Ездил я из Киева в Одессу, чтобы устроить там гнездо для моей тогдашней славной любви. Это было весною. Тогда еще не было железного пути между этими городами, и я поэтому поехал с еврейским балаголе (фурманом). Пассажиров было много, дорога была прескверная, лошади еле-еле передвигали ноги, и мы перетерпели много неприятностей на этом пути. Невдалеке от Балты я на одной станции встретился с одним отставным русским полковником, помещиком, человеком грубым, суровым, но, по-видимому, честным. Мы с ним вместе ездили [sic!] около суток. В разговоре речь зашла о недавнем освобождении крестьян. Полковник был из числа очень недовольных великим актом освобождения и прямо горько жаловался на новый порядок вещей, разоривший его вконец, отнявший у него возможность жить чужим трудом, заедать чужой век.

„Помилуйте, — говорил он горячо, — у меня было немного крестьян, всего около 200 душ, но я был их полным властелином, я распоряжался его животом и смертью, его жена была моей потехой, его дочь моя бессловесная рабыня… А теперь что? Теперь эти самые животные не только не подвластны мне, но чуть не смеются надо мною, глумятся, оскорбляют мою жену, мое семейство, не снимая перед ними шапки… Ах, боже мой, как тяжело, как тяжело!“

И мой собеседник залился обильными горячими слезами.

Я же возражал, выражая открыто свою радость, что царству подобных „господ“ пришел конец, защищал „меньшего брата“, спорил, доказывал всю гуманность и справедливость великой реформы и восхищался, что рабство в первобытной дикой форме уничтожено наконец.

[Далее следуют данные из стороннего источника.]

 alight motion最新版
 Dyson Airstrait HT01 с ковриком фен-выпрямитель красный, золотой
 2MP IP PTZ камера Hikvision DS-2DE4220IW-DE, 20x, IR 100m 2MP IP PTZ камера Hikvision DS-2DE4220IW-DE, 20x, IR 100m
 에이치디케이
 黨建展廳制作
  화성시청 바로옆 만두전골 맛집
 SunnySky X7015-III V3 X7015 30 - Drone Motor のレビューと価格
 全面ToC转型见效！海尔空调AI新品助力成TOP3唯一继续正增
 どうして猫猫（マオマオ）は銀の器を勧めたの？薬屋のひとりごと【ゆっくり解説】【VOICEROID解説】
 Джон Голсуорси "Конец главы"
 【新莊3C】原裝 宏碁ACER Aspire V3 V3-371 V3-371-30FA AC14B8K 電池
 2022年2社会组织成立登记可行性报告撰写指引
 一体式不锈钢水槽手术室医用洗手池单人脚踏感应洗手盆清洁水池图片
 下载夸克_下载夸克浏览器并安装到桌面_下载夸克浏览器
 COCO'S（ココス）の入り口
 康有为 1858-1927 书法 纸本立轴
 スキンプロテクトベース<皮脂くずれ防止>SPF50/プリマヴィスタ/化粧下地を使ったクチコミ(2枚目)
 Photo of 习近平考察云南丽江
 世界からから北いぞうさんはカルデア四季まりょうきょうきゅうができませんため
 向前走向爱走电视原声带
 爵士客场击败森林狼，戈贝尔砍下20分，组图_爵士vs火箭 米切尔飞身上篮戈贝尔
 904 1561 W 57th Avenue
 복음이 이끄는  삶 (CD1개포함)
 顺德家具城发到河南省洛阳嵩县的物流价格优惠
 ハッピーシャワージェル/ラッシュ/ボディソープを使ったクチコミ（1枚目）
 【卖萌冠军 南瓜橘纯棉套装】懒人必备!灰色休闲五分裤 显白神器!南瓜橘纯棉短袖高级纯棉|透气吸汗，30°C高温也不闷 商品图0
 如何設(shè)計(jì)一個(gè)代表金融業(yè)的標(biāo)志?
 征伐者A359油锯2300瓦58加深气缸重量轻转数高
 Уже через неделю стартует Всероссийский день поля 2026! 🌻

Представьте же себе эту картину! Русский барин, кровью и плотью связанный с народом, проливает горькие слезы о том, что его „брат“ по происхождению, по вере, по вековой связи, перестал быть бессловесным животным, освободился из-под позорного ига, — а бедный еврейчик, ничего общего с русским народом не имевший, терпимый в России, как неизбежное зло, бесправный, беспомощный, забитый, — напротив, всей душою рад, что чуждая и враждебная ему масса призвана к новой жизни, не лежит больше под кнутом и палкой „барина“. Чем искреннее было горе „барина“, чем обильнее были его слезы (крокодила), тем блаженнее колыхалась грудь заброшенного еврея, что нет больше такого позорного произвола над человеческой личностью.

Такова сила вечной, мировой правды! Таково влияние всемирного общечеловеческого прогресса!»

Многое здесь звучит отошедшей и, может быть, наивно-устаревшей терминологией. Но тем сильнее ощущается здесь то молодое и страстное чувство, которым и через десять лет после этой беседы еще горел этот искатель «мировой правды». Это чувство инстинктивного протеста против всякого гнета, насилия и бесправия было в нем до конца глубоко искренним. Всюду, где Ковнер говорит на эту тему, его речь вырастает до творческого тона и подлинного писательского пафоса.

VIII

Приехав в 1871 г. в Петербург, Ковнер довольно широко разворачивает свою литературную деятельность. Он сотрудничает в журналах «Дело», «Всемирный труд», «Еврейская библиотека», работает в качестве постоянного сотрудника в таких распространенных газетах, как «Петербургские ведомости» и «Голос» Краевского. Крут его деятельности чрезвычайно разнообразен: он пишет критические статьи, библиографические отзывы, общественные фельетоны, рассказы, повести, роман. Он, видимо, имел право через два года напряженного писательского труда искать отдых «утомленному мозгу» в другой деятельности.